An elusive large black hole was spotted by NASA’s Hubble Space Telescope which was discovered to be 50,000 times the mass of the Sun and was seen tearing apart a wandering star in a distant galaxy.
The black hole was found 740 million light-years away from earth
Astronomers found this mid-sized, intermediate-mass black hole using the Hubble Space Telescope and their X-Ray observatories.
Scientists from The University of New Hampshire in Durham, UK said that this space object is about 50,000 times larger than the Sun and has been considered as a “missing link” to the universe’s evolution.
They also said that it is larger than previous black holes that were created by the collapse of giant stars. At the same time, however, it is also smaller when compared to a supermassive black hole located at the center of the galaxy.
A black hole such as this can be found in other parts of the galaxy, unlike other giant black holes like the Sagittarius A* that can be found in the Milky Way and is considered to be a supermassive black hole. This particular black hole is can be difficult to find and spot. In this case, it was only spotted because of its relationship with a wayward star.
The research from NASA’s Chandra X-ray Observatory, the European Space Agency X-ray Multi-Mirror Mission observatory and the Hubble Space Telescope led to this major discovery in the solar system.
The exact origin of the black hole is still blurry
According to DailyMail, Dacheng Lin of the University of New Hampshire stated that “Intermediate-mass black holes are very elusive objects, and so it is critical to carefully consider and rule out alternative explanations for each candidate.” Lin, along with his team, used the Hubble to trace clues and hints.
High-energy satellites detected compelling and powerful x-ray flares, though it was not clear whether they originated and came from inside or outside our galaxy.
These scientists also pointed out that a star was torn apart by the black hole after approaching too close.
Natalie Webb, one of the members of a team at the Université de Toulouse in France said that “Adding further X-ray observations allowed us to understand the total energy output and this helps us to understand the type of star that was disrupted by the black hole. The distant destroyer doesn’t have an inspirational name – it was from an X-ray source called 3XMM J215022.4-055108 and wasn’t found at the center of a galaxy.”

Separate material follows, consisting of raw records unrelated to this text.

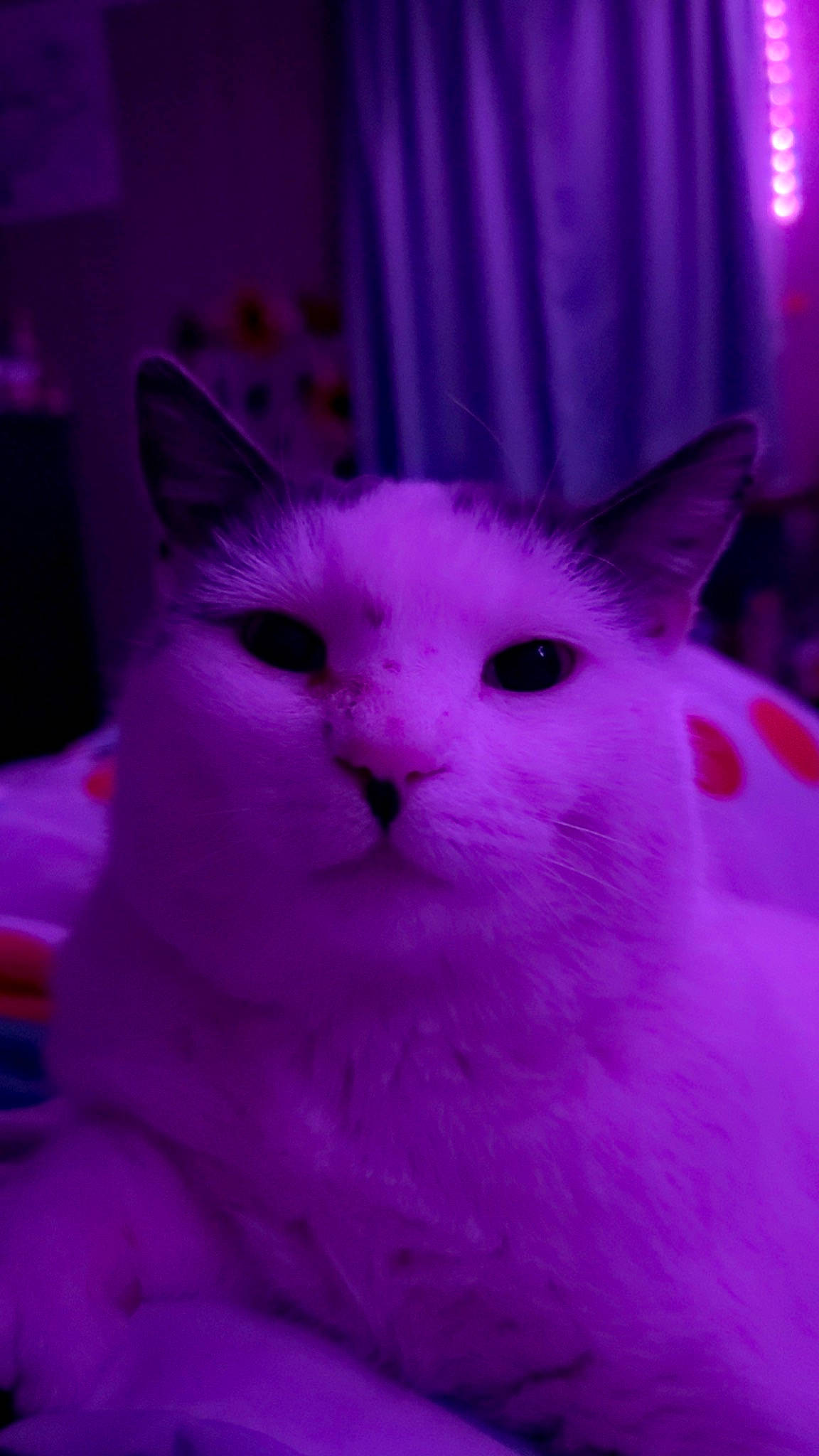 Bubbles joined the competition — help win amazing prizes! carnivore, cat, cat_supply, curtain, domestic_short_haired_cat, ear, event, felidae, fur, magenta, pink, purple, small_to_medium_sized_cats, snout, whiskers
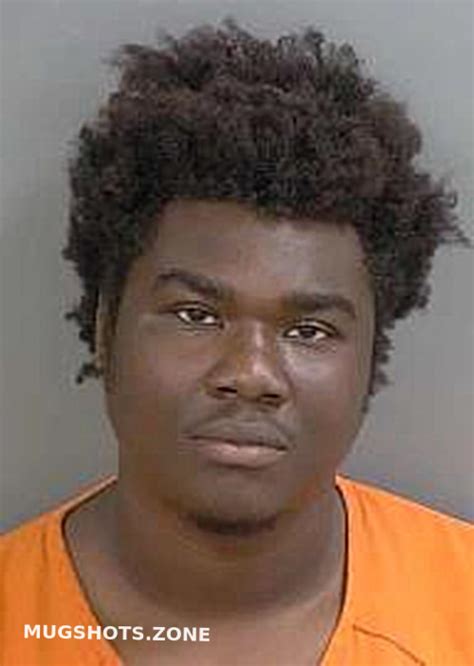 Jeancharles Junick Collier County Mugshots Zone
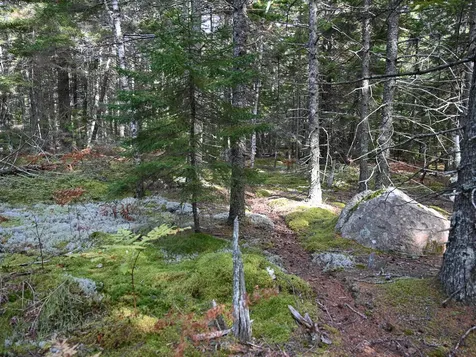 000 Seawall Map/lot 17/11-04 Southwest Harbor ME 04679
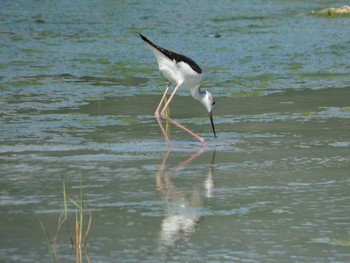 Sat, 9/10/2022 Birding report at 浮島ヶ原自然公園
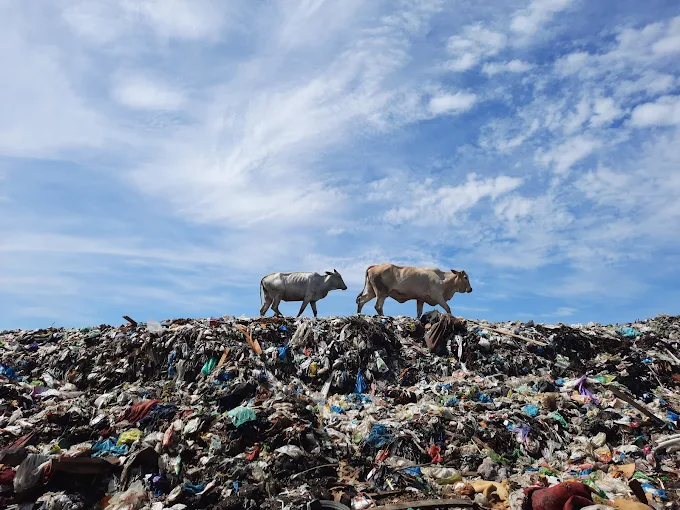 Tumpukan sampah di TPA Jatibarang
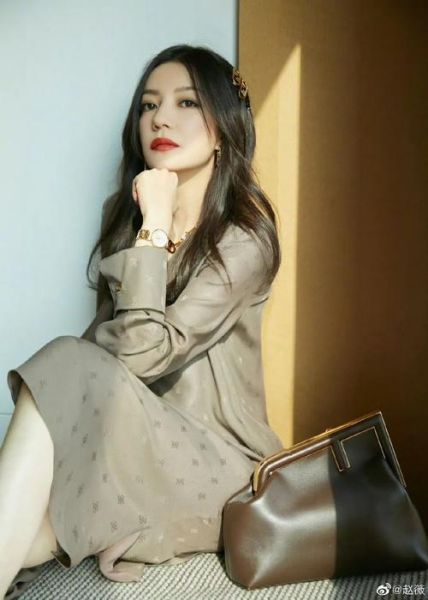 赵薇移民了吗_赵薇移民传闻真相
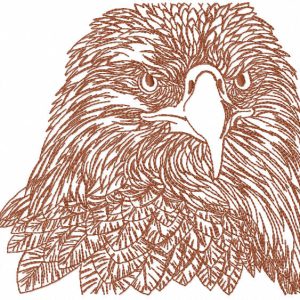 Eagle head sketch embroidery design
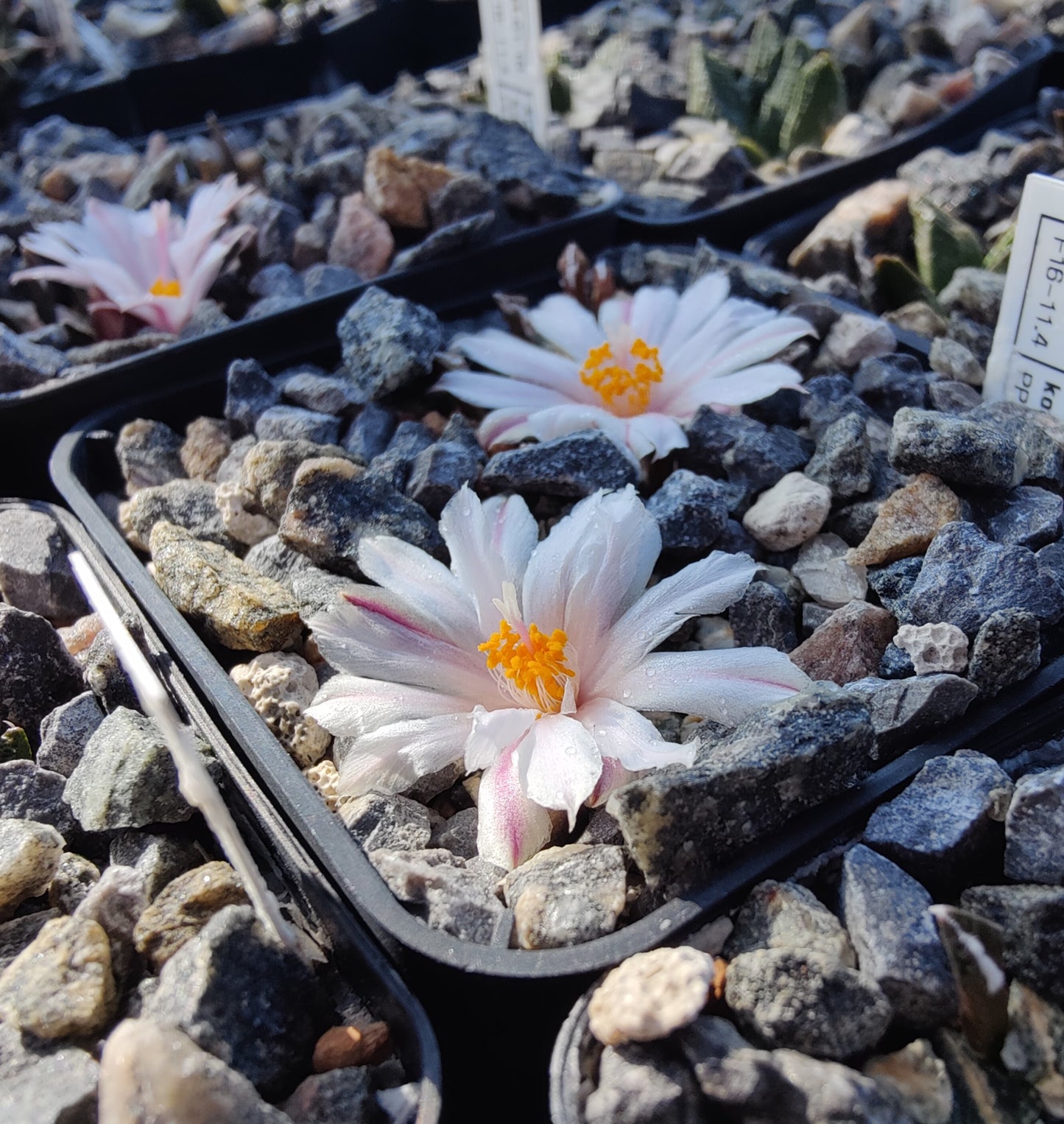 Ariocarpus kotschoubeyanus var. albiflorus PP 423 (10 frø)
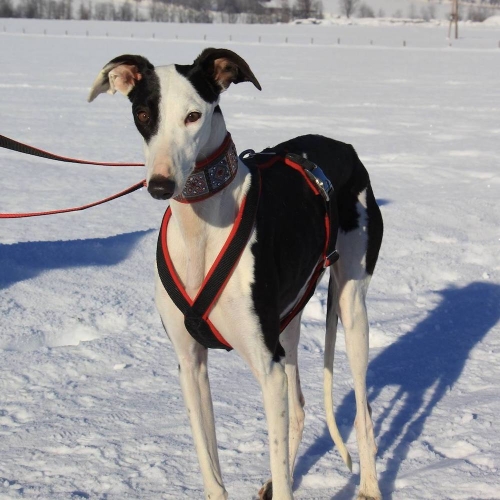 GALAXIA (Rufname Lucy)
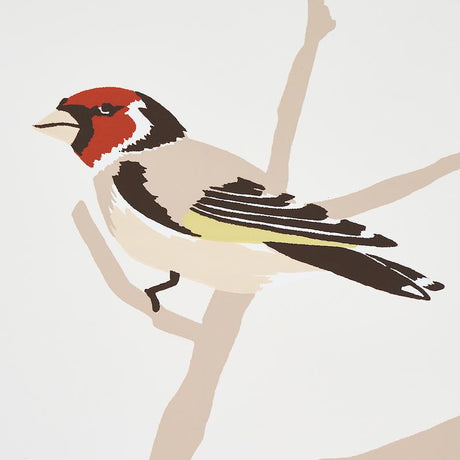 Schumacher A-Twitter Summer Wallpaper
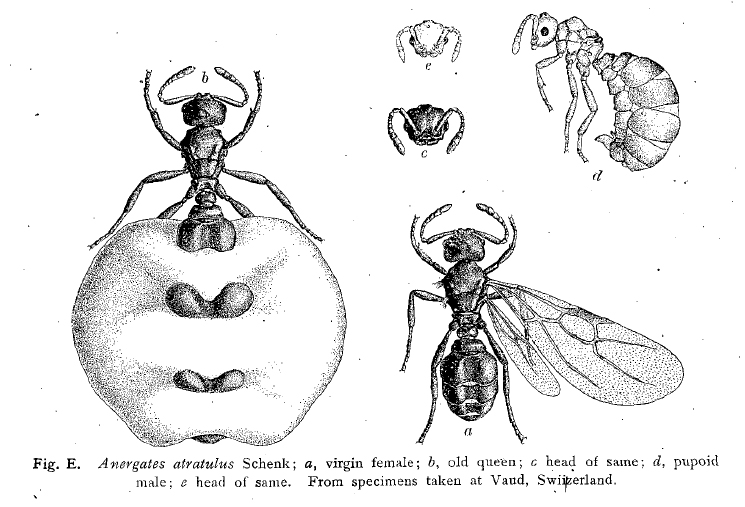 Wheeler_1908k_figure_E.jpg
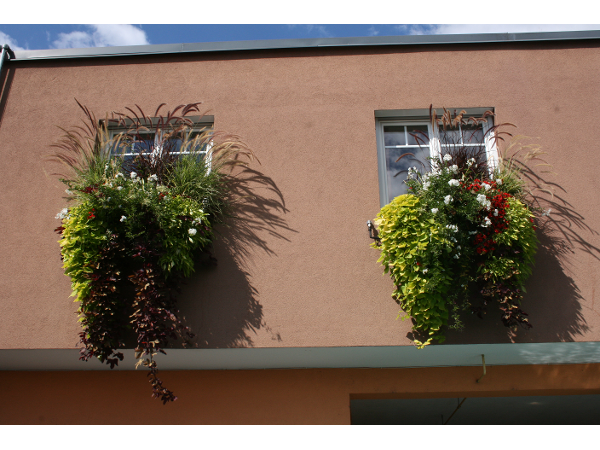 Bild 116 von Gartenbau-Blumen Helmut Friedl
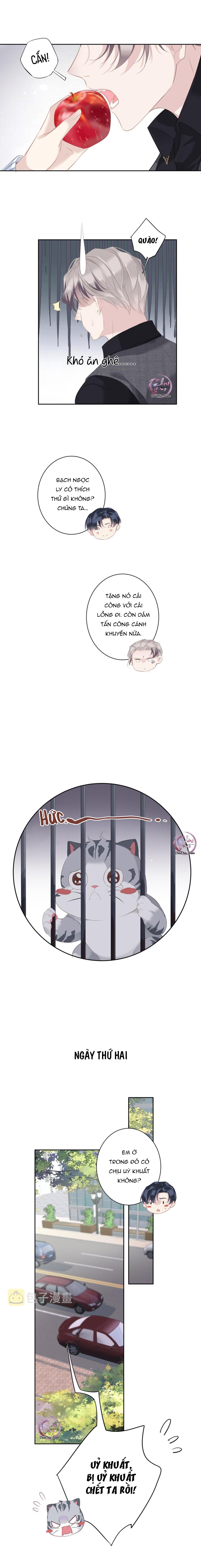 Cuộc Mai Mối Vượt Giống Loài Chap 37 - Next Chap 38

They had to try and determine that this did not come from a neutron star–a dense remnant of an exploded star–which was just cooling off after being burned and heated at a very high temperature.
The research allowed astronomers to open the door to the possibility that there are a lot more massive and impressive objects that are lurking in the darkness of space.
Lin and his team will continue to study black holes as they arguably the most extreme environment known to humankind. They serve as a good testing ground when it comes to studying of laws of physics.